### EXCERPTED DATA
┄┄┄┄┄┄
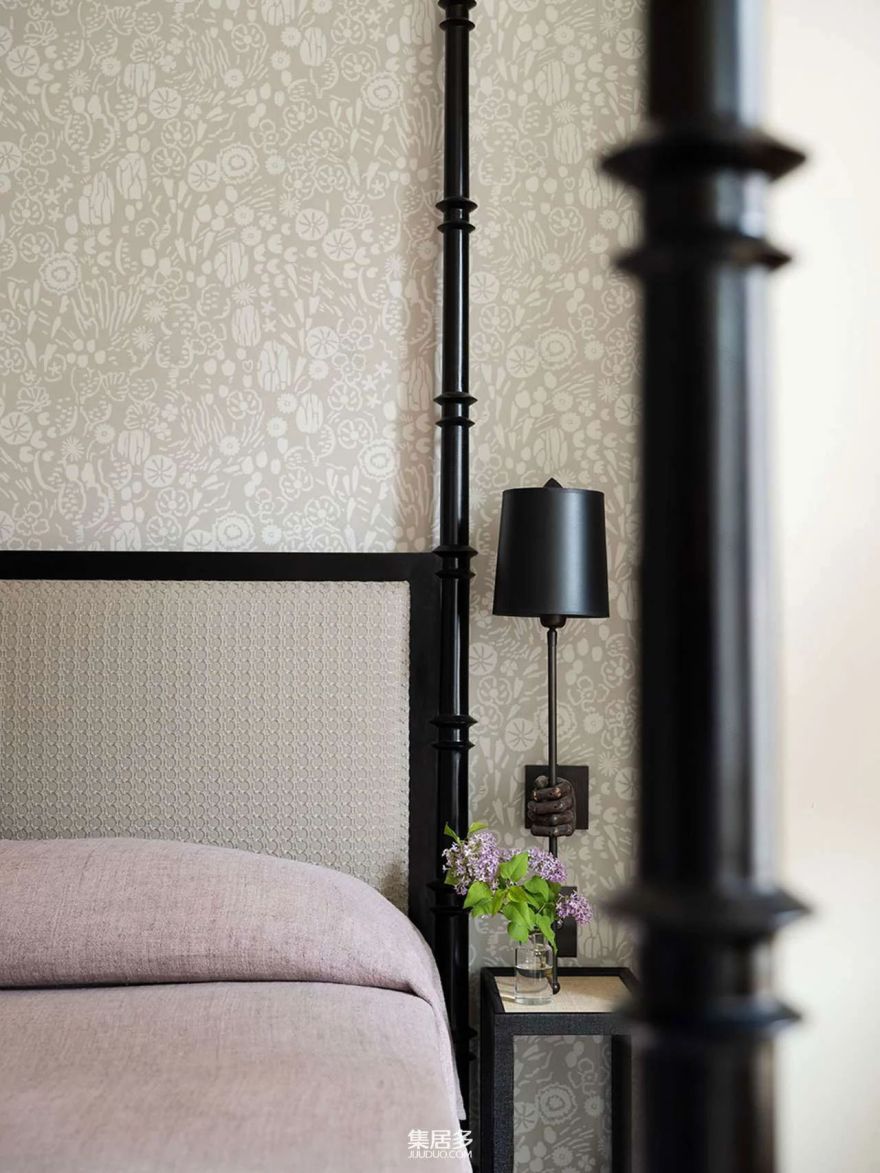 阿曼达·塞弗里德纽约舒适农舍公寓丨美国纽约市-20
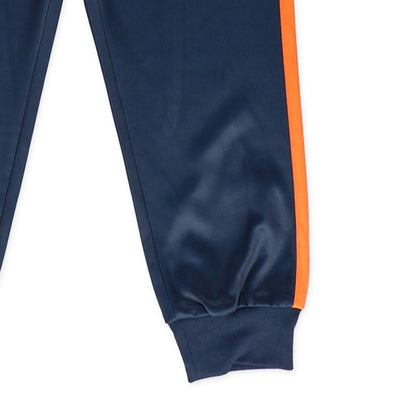 Training Suit with Chest Logo (Winter, Spring, Autumn)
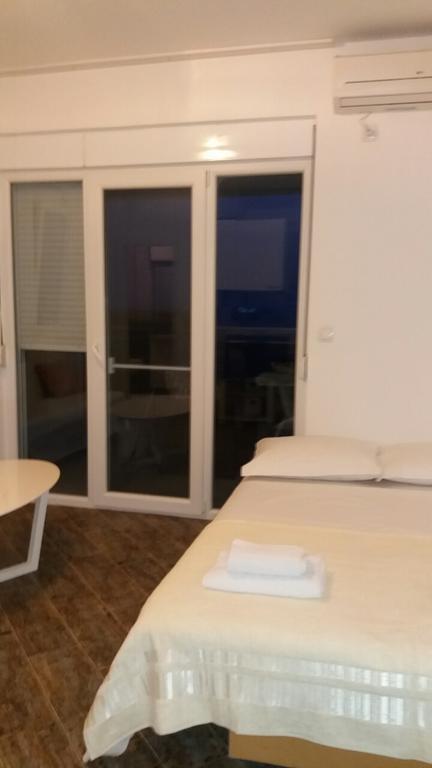 Apartment Vila Mirela Krimovica Exterior foto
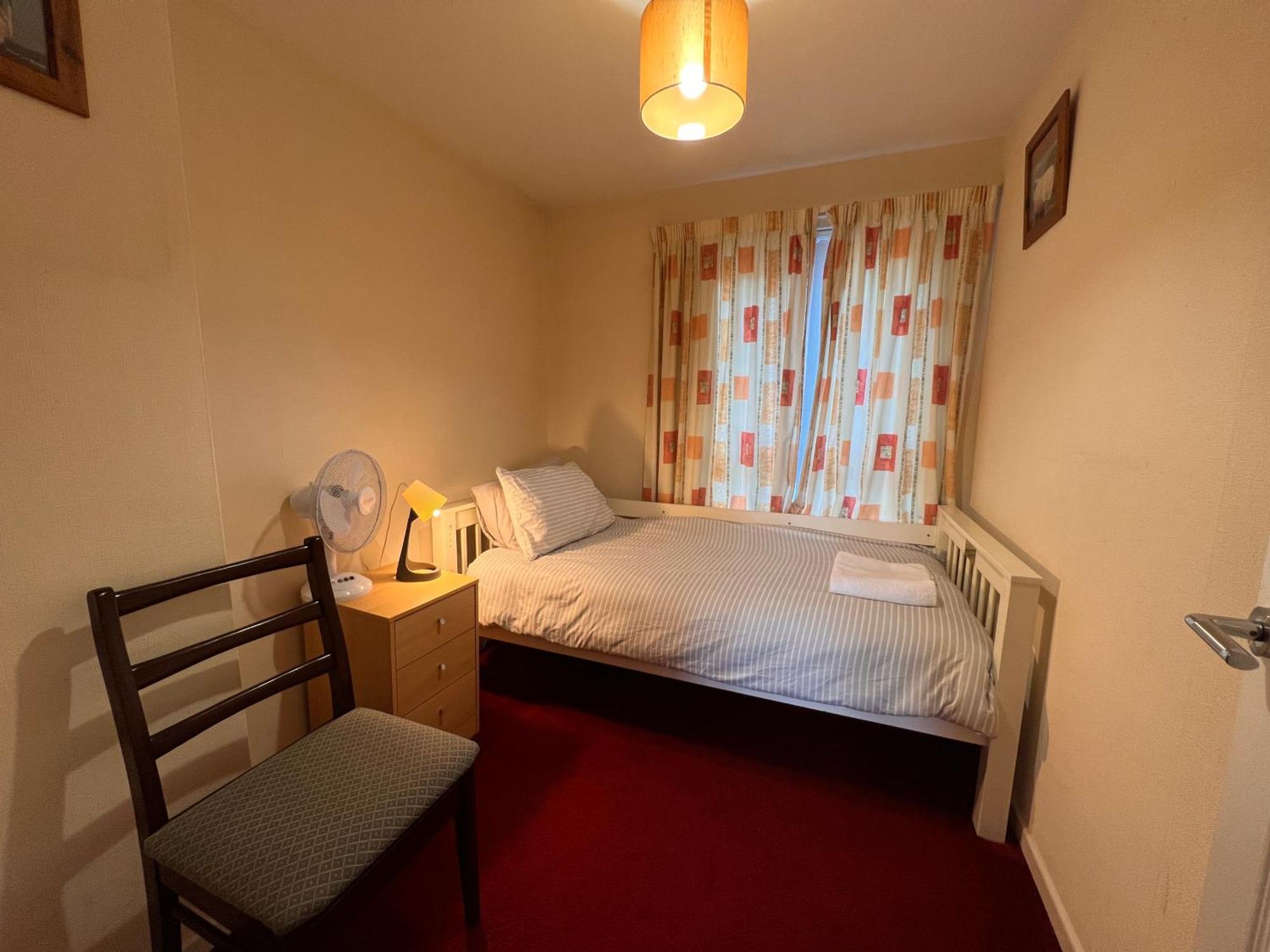 3 Bedroom House Near City Centre Belfast Ngoại thất bức ảnh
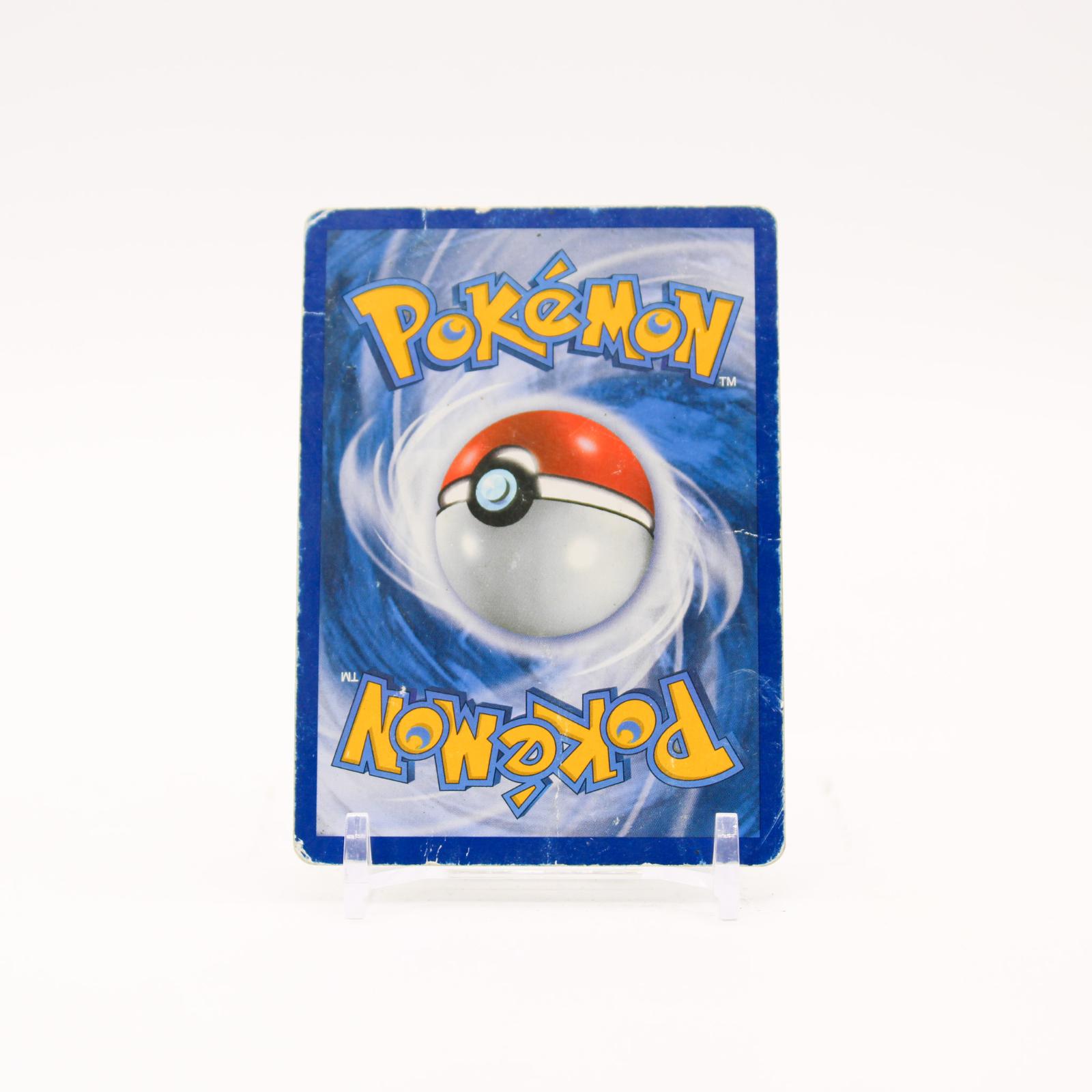 M Tyranitar EX - 92/98 Ancient Origins Holo Full Art Pokemon - DMG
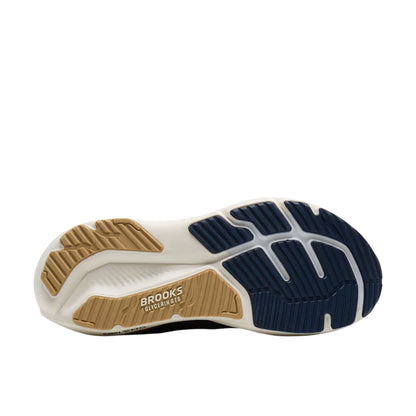 Scarpa Running Uomo Glycerin GTS 23 suola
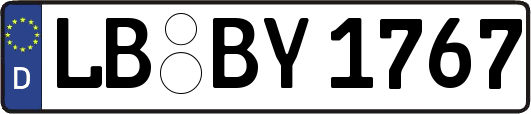 LB-BY1767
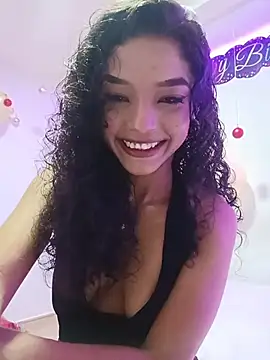 Aphrodite-777 online show from January 2026 09:29:01 PM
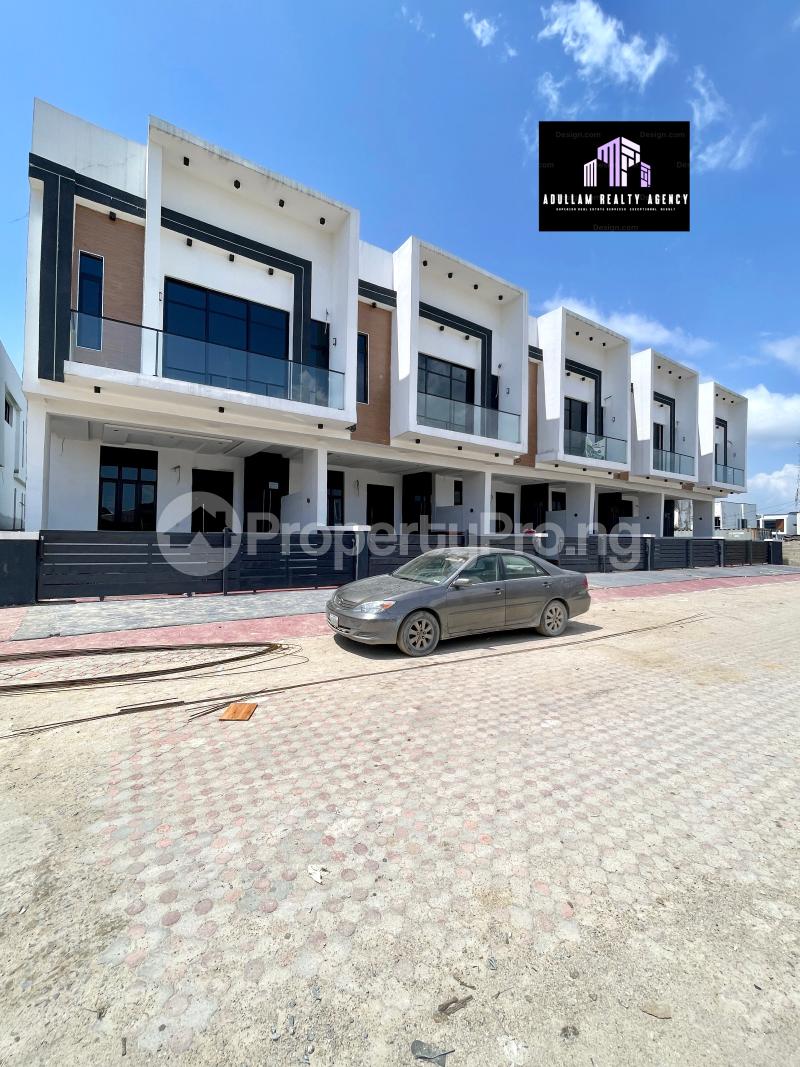 3 bedroom House for sale Ikota Lekki Lagos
┄┄┄┄┄┄
### EXERCISE
Before answering, find the line with "Scarpa Running Uomo Glycerin GTS 23 suola" in the records above; then reproduce exactly each line from the first through that line, leaving out pictures.

### EXERCISE RESULT
 阿曼达·塞弗里德纽约舒适农舍公寓丨美国纽约市-20
 Training Suit with Chest Logo (Winter, Spring, Autumn)
 Apartment Vila Mirela Krimovica Exterior foto
 3 Bedroom House Near City Centre Belfast Ngoại thất bức ảnh
 M Tyranitar EX - 92/98 Ancient Origins Holo Full Art Pokemon - DMG
 Scarpa Running Uomo Glycerin GTS 23 suola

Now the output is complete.